# Work to be completed
Start at the line below containing "Forever Nude Makeup Palette by bh Cosmetics" and stop at the line containing "Rea Garvey, Rüdiger". Repeat every line of that stretch exactly, and nothing outside it.
Top of Provided records
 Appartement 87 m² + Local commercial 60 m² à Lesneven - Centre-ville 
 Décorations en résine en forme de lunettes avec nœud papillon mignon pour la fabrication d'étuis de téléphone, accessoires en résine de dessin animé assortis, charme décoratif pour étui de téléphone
Bottom of Provided records
Top of Provided records
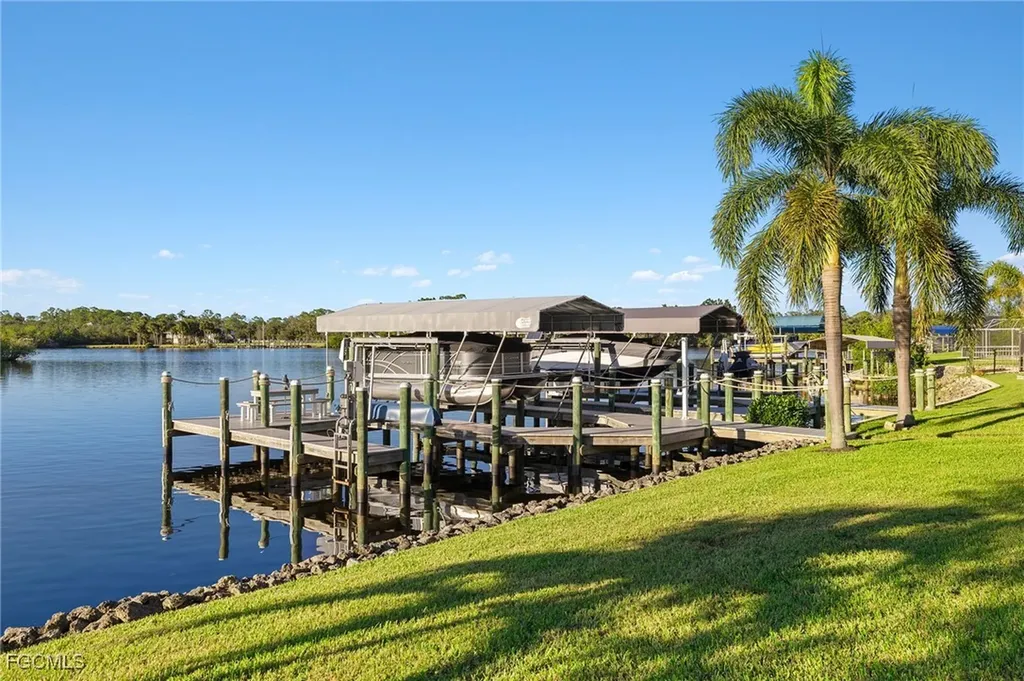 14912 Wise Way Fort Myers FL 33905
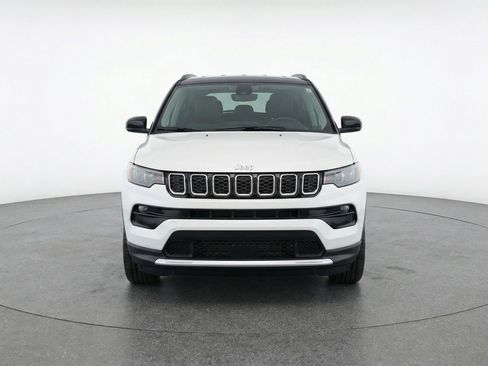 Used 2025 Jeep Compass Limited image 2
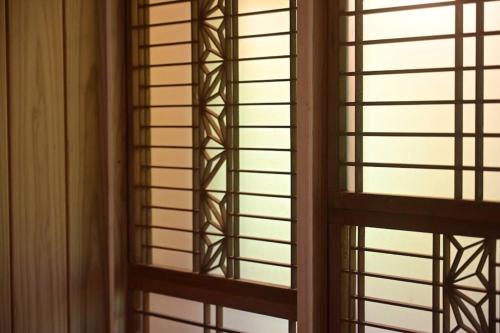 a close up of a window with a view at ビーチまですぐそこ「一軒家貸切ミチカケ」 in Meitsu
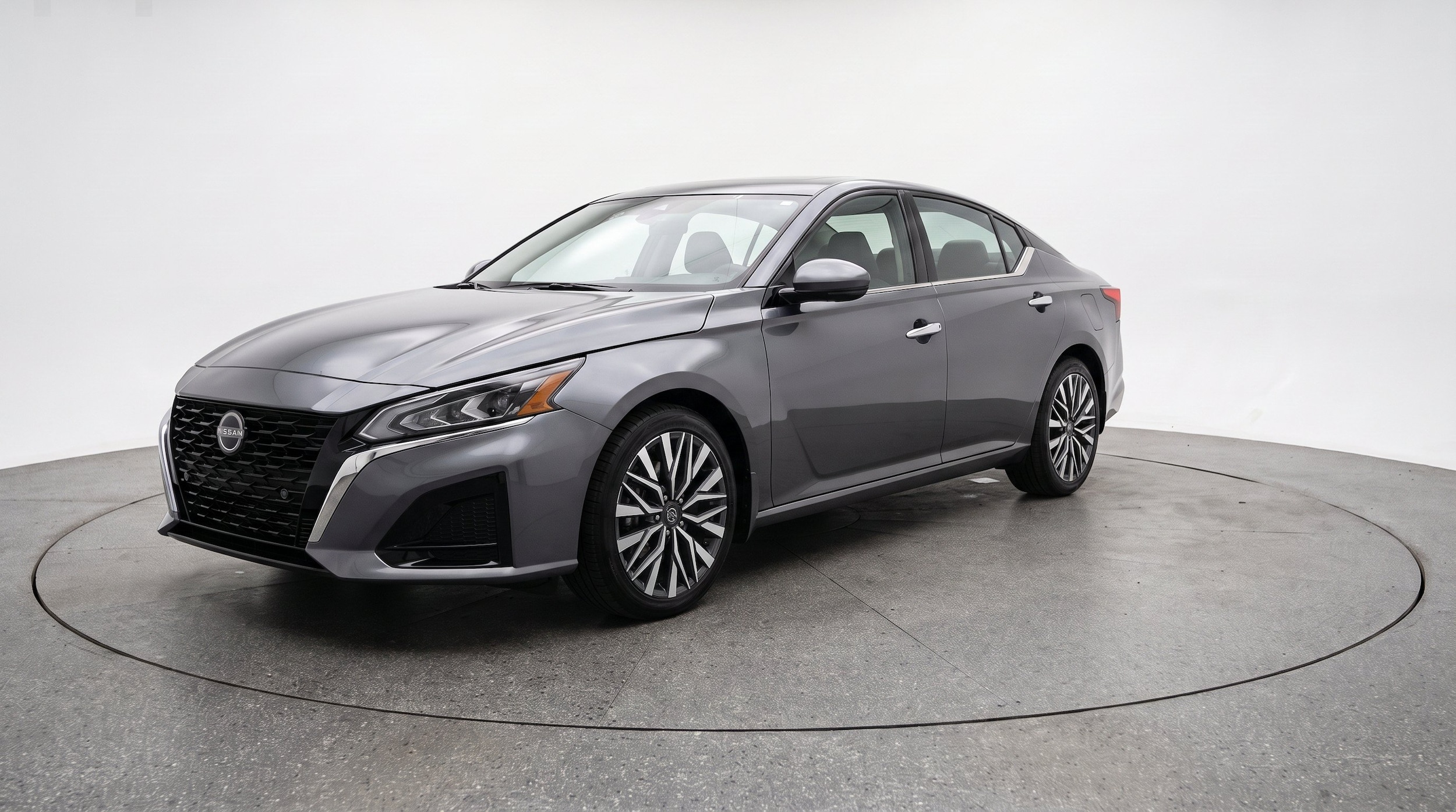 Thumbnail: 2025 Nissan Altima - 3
Bottom of Provided records
Top of Provided records
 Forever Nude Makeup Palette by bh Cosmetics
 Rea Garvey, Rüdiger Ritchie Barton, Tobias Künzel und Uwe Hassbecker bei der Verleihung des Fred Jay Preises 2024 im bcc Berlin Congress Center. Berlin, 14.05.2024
Bottom of Provided records
# Result
 Forever Nude Makeup Palette by bh Cosmetics
 Rea Garvey, Rüdiger Ritchie Barton, Tobias Künzel und Uwe Hassbecker bei der Verleihung des Fred Jay Preises 2024 im bcc Berlin Congress Center. Berlin, 14.05.2024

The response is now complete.